Ducking out of the way of a pitchfork, Catherine gritted her teeth as a bullet dug its way into her side, looking off over the cleared road to see a man perched atop a carriage, rifle held steady in his hands.

Cutting the legs out from under the pitchfork wielding beast, she jumped away as a woman stumbled towards her, knife swinging wildly as she careened forward.

Catherine howled as another gunshot struck her in the thigh, the back of her head grinding against stone as she rolled backwards, ducking behind a stack of barrels as she snatched a vial off her hip and plunged it into her side.

She let out an involuntary sigh as it worked its way through her, the quiet ping of a bullet striking the ground as it was pushed out of her body by writhing muscle.

Her mind settled, the screaming voice in the back of her head quieted enough that she could focus past her horror and the blood that stained her vision on the creatures in front of her. Beasts, she told herself. The sick and dying, minds long lost and simply waiting to be put down.

A new voice spoke up inside her, one softly droning of blood. It whispered, quietly - seductively - as she tore one of the beasts throats open, crimson splashing over her face. Catherine could barely hear his friends howl, hear the man gurgle as blood poured down his chest in thick waves. All she could see was red as the ichor of the Church flooded her veins and pushed her into a frenzy.

The next bullet that came screaming her way crashed against the home behind her as she wove down, slicing one of the men in half with two quick pulls of her cleaver. She flicked the blade, splashing blood across the stone as it snapped into place, the inertia carrying it up and into the groin of the next beast. Pulling, she dragged it through his pelvis and out his waist, watching out of the corner of her eye as he toppled to the ground in pieces.

Dashing down the stairs, Catherine kicked at a dog that stampeded towards her, its head jerking to the side.
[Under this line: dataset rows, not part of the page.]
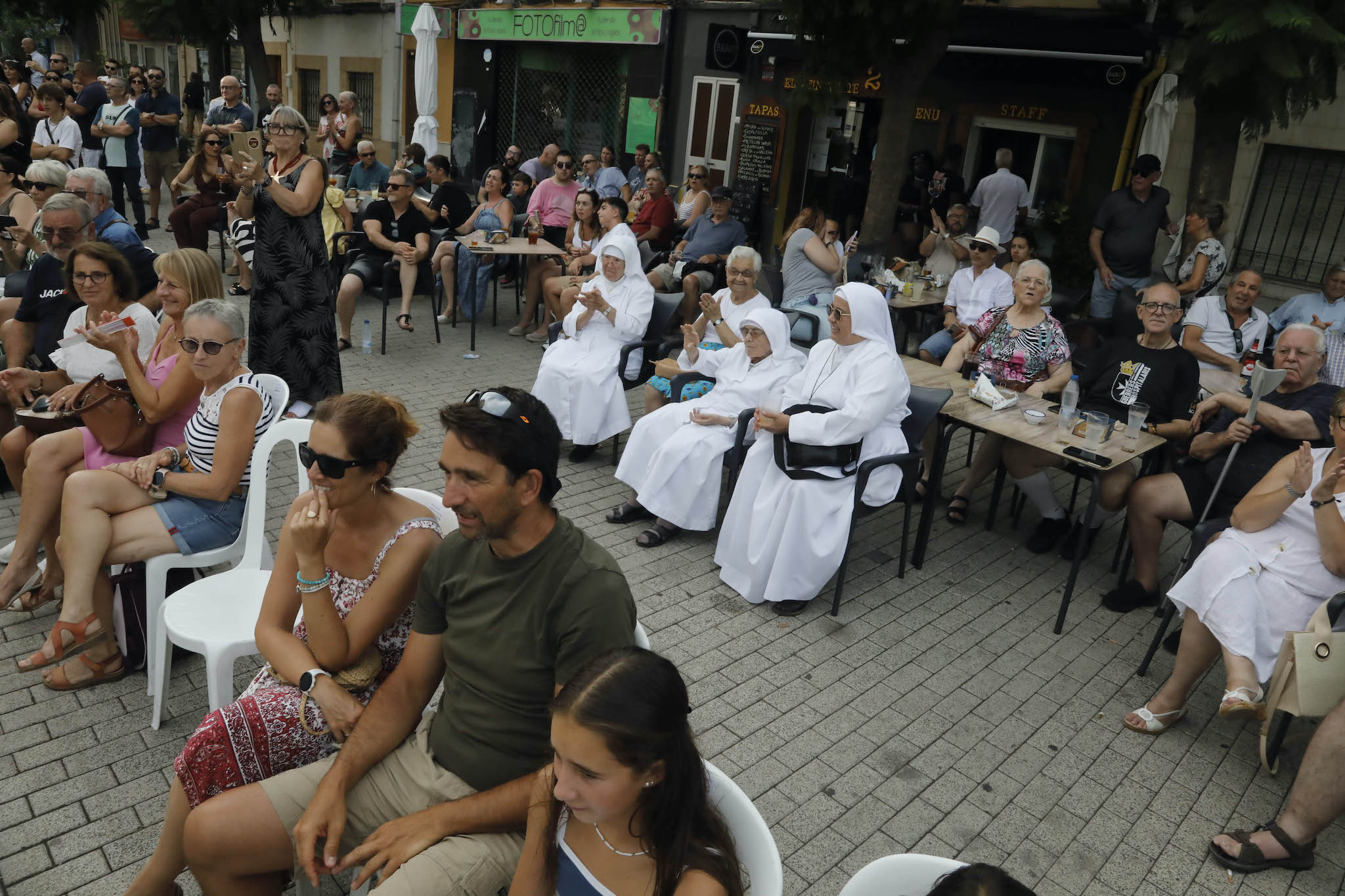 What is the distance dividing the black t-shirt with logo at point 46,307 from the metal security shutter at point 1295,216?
1010cm

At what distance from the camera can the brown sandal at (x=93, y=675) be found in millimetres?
3443

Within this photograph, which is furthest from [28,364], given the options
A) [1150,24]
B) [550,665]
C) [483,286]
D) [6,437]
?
[1150,24]

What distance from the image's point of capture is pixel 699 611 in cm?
446

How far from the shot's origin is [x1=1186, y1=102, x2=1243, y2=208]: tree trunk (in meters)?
7.55

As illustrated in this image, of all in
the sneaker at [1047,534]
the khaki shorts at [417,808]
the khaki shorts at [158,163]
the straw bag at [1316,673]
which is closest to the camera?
the khaki shorts at [417,808]

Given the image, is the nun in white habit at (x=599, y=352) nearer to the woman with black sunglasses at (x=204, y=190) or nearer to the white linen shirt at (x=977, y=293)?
the white linen shirt at (x=977, y=293)

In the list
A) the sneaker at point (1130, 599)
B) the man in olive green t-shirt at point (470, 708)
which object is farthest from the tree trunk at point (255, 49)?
the man in olive green t-shirt at point (470, 708)

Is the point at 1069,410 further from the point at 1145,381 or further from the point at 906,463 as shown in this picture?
the point at 906,463

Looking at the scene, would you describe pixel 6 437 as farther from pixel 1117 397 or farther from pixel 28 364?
pixel 1117 397

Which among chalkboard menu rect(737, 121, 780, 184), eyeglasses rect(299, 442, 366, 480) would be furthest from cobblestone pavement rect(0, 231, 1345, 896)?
chalkboard menu rect(737, 121, 780, 184)

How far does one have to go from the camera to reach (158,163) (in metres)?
12.3

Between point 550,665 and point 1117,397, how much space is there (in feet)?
13.6

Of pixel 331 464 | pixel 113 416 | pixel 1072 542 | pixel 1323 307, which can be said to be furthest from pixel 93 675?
pixel 1323 307

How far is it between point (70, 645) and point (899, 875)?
3.09 metres
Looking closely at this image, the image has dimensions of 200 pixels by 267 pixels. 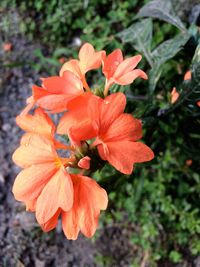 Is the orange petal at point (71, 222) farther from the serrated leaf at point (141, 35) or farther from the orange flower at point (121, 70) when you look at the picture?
the serrated leaf at point (141, 35)

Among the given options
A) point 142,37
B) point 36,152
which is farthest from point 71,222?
point 142,37

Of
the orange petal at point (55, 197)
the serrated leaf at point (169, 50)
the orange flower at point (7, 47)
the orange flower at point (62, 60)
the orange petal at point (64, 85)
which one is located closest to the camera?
the orange petal at point (55, 197)

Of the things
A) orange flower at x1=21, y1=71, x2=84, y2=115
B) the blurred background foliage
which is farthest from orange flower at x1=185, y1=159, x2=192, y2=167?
orange flower at x1=21, y1=71, x2=84, y2=115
The creature snarled, flecks of drool flying from its mouth as it snapped at her ankles. It shrieked, high and wild as she smashed its flank with the butt-end of her cleaver. Hissing, Catherine fired a shot into its head, jumping to the side once more as the man atop the carriage raised his rifle and fired.

Dust shot up from the impact, peppering her calves in tiny bits of stone. Catherine tucked her pistol away and leapt at the carriage, feet kicking at the moldy seats and fingers scraping along wood as she hoisted herself up, snatching blindly at the riflemans ankles.

He fell with a scream, weapon forgotten as he attempted to scratch at her hands, his own covered in fur and pointed into claws.

Catherine ignored the pain as he split her hand down the middle, fingers splayed out like the tentacles of a squid. She raised her cleaver, grip slipping on the handle as she tried to drive it into his chest.

The flat end cracked against his ribs and she could feel them snap underneath, another howl screaming out of the man's throat.

Again-

She smashed the flat end of the blade against his face, a spurt of blood shooting from his ears and dribbling across the carriage top. Pulling back, she took a great, heaving breath, giving herself a moment to look out at the carnage she had wrought.

Corpses lay strewn out across the road in varying states of dismemberment. Some were missing arms, some legs. Others were frozen in their death throes, fingers scrabbling at thick ropes of intestine and eyes wide with terror.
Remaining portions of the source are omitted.